MATERIAL FOR THIS EXERCISE
* * *

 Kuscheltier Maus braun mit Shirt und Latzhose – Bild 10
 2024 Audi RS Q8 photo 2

* * *

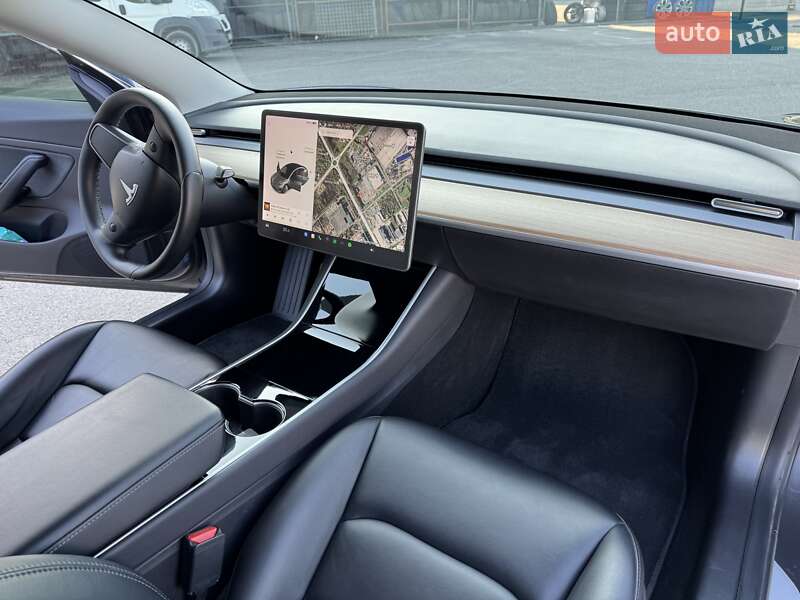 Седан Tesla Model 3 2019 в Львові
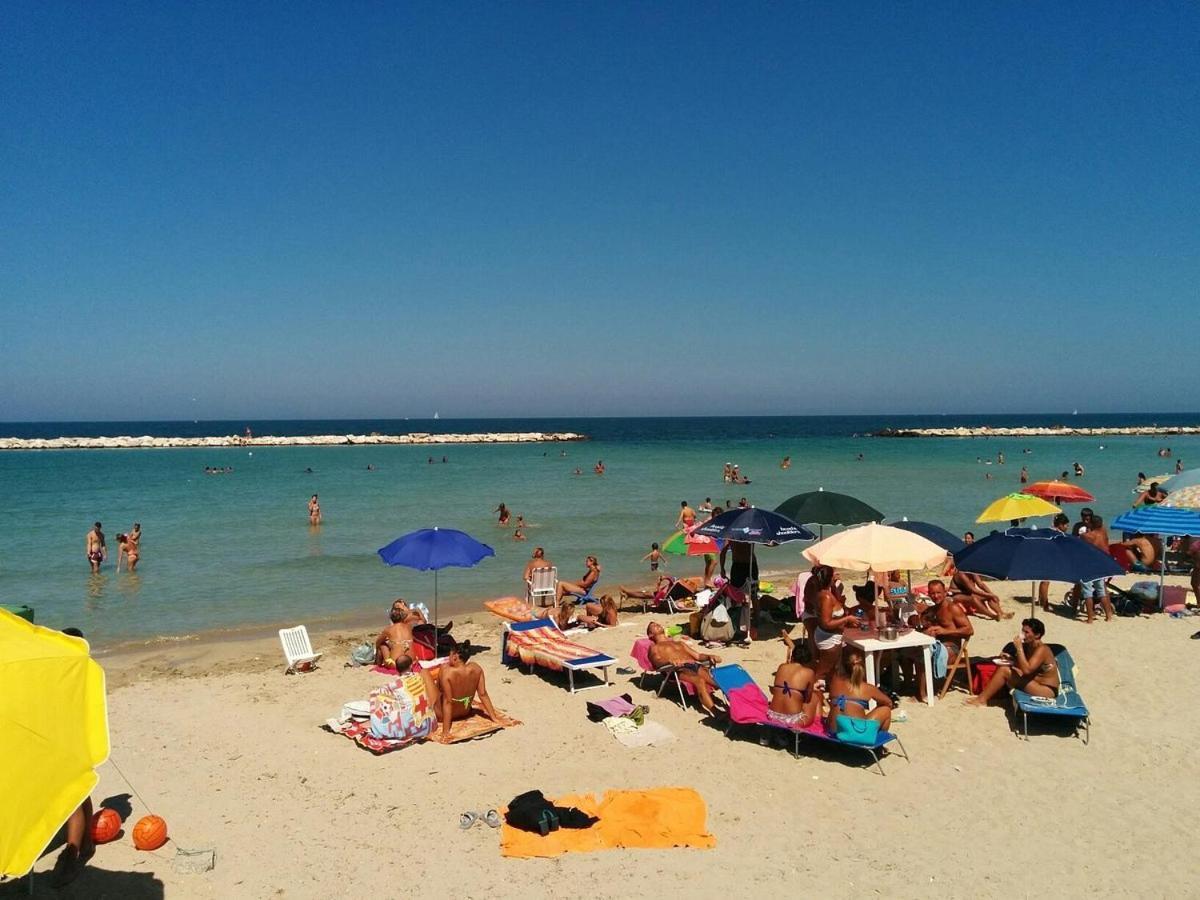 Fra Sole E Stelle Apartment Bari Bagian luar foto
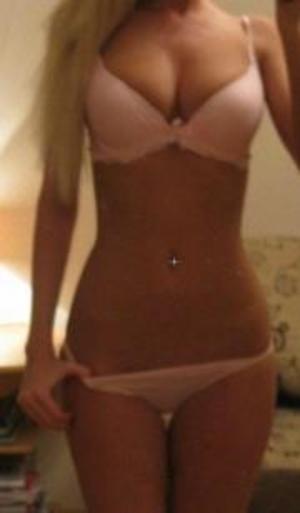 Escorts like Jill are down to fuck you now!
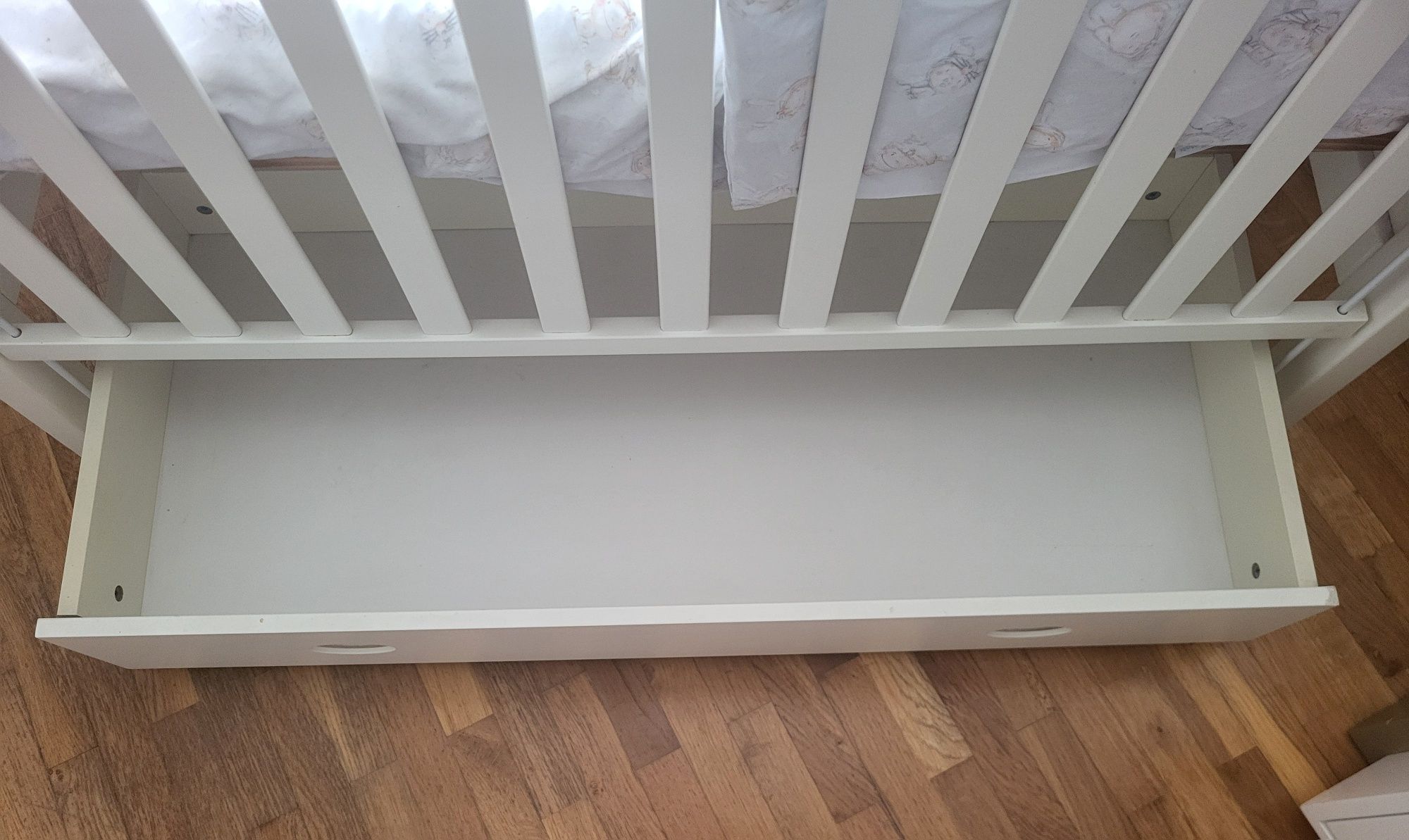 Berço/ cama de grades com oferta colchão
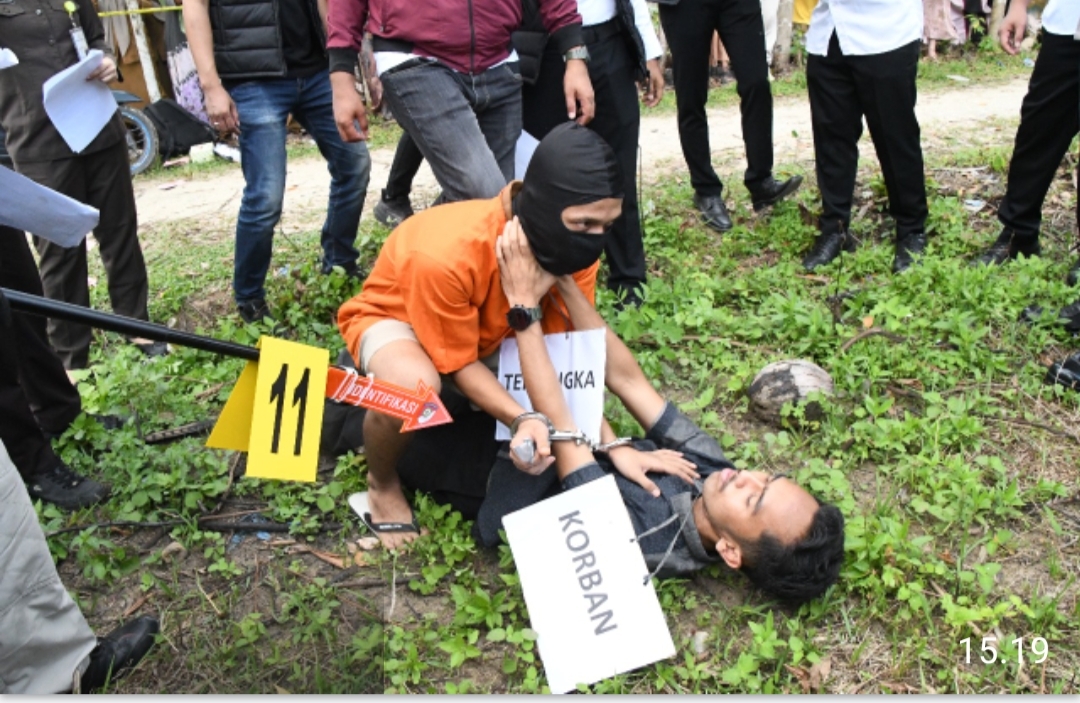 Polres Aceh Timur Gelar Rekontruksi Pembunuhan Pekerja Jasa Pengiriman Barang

* * *

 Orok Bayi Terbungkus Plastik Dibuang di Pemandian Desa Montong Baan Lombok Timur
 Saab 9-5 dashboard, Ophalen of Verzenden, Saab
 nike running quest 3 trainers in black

* * *

TASK DESCRIPTION
Copy the records above exactly, beginning at the line that contains "Orok Bayi Terbungkus" and stopping after the line that contains "nike running quest 3 trainers in black".

THE COMPLETED TASK
 Orok Bayi Terbungkus Plastik Dibuang di Pemandian Desa Montong Baan Lombok Timur
 Saab 9-5 dashboard, Ophalen of Verzenden, Saab
 nike running quest 3 trainers in black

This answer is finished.